Tuesday, September 14, 2010

On the art of Canadian literature part I

Once upon a time Canadians wrote about the distance between them and everyone else. They wrote about isolation, both physical and mental. They wrote about the poor noble savage - now the burden of the aboriginal problem. They remembered when they once won a war, or were a small but fierce faction of a battalion of fighting men in Europe.

What a waste of god damn time.

Canada is a nation of peoples, not people. Of ideas, not one idea. There could never be a pultzer prize for Canadian literature, because how do you properly represent the time and place that is Canada? Canadians don't all bend over and sniff each other's asses, we slap hands and smile and go our separate ways.
What folklore could there be when Canada's identity went from "that other british colony, you know, the one that didn't rebel" to, "that big ass country that's really nice and is the only bastion of forward thought and liberal social order between two entire continents!"

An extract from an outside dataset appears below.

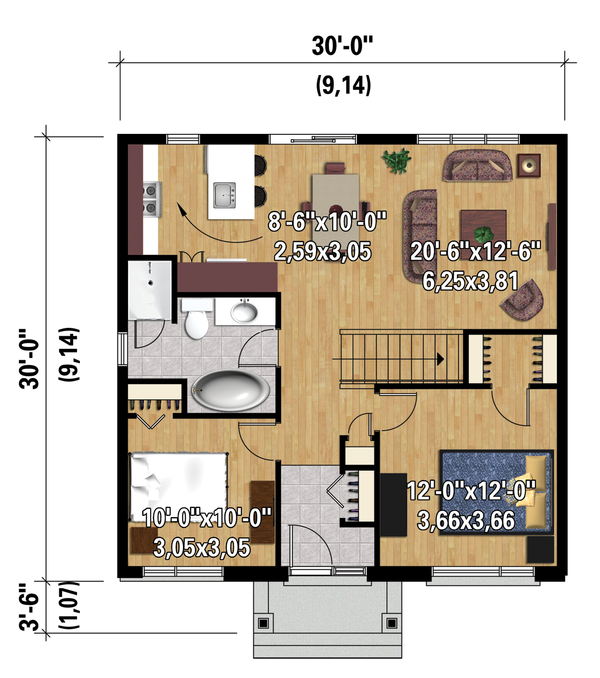 Contemporary Floor Plan - Main Floor Plan #25-4271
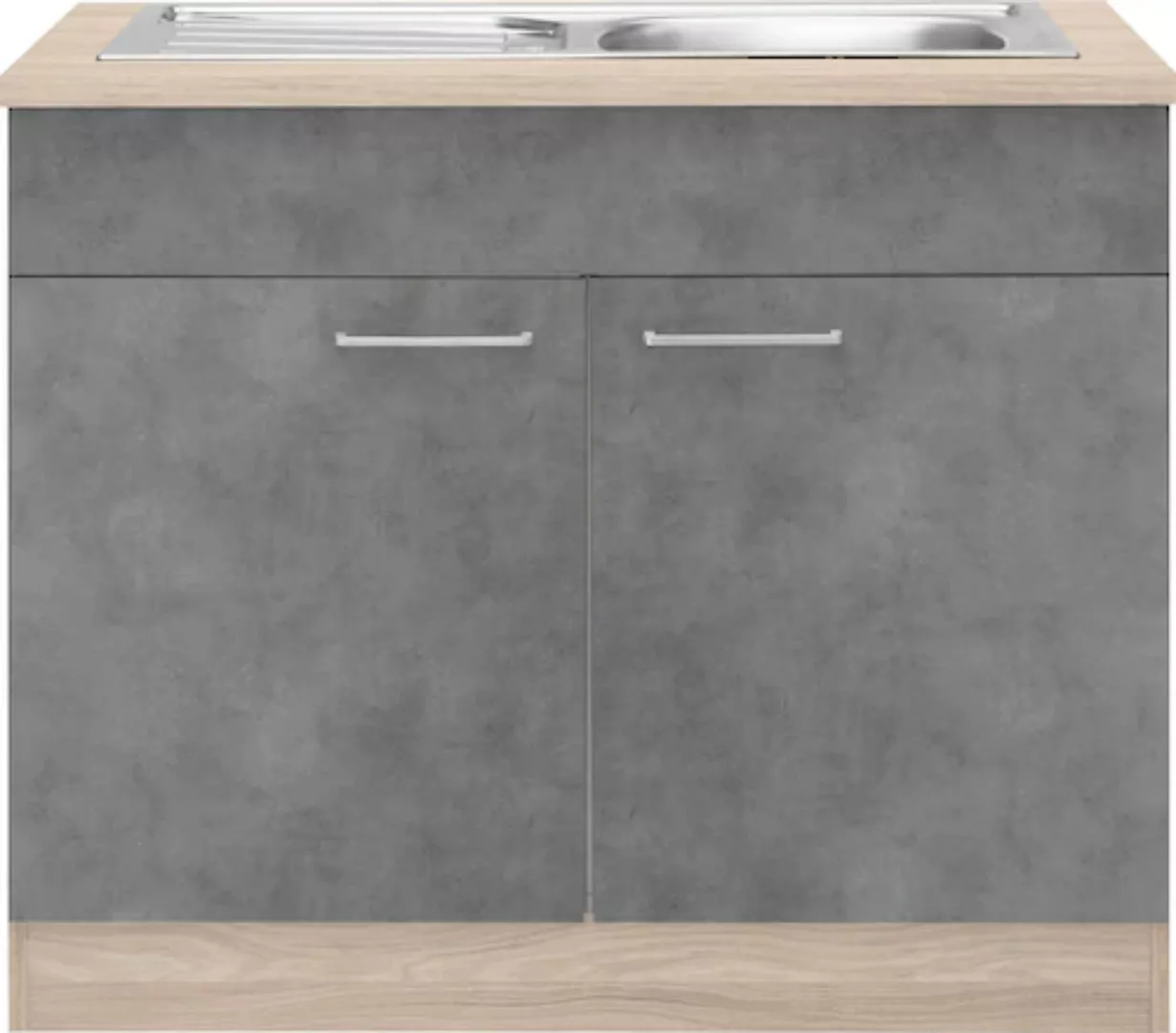 wiho Küchen Spülenschrank "Zell", Breite 100 cm günstig online kaufen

As they say, we are a mosaic. We are a mosaic and we spit upon the melting pot, though it might splash up and burn us every so often. In truth the glass pieces of the mosaic can cut us, but its better than being burned away until you are nothing but what is everybody else.

Canada is a space station, a harborage, a peaceful place in a maelstrom of disaster and hatred.

God damn it man, you don't write about Canada, YOU WRITE FOR HER! You write on her behalf.

You write about the world, and humanity, about people, and problems, and things. Spread out like a picnic blanket with a billion ants blitzkrieging across the checkered floor.

And most of all you write on your behalf.

Don't be a Canadian writer. Be a writer who is Canadian.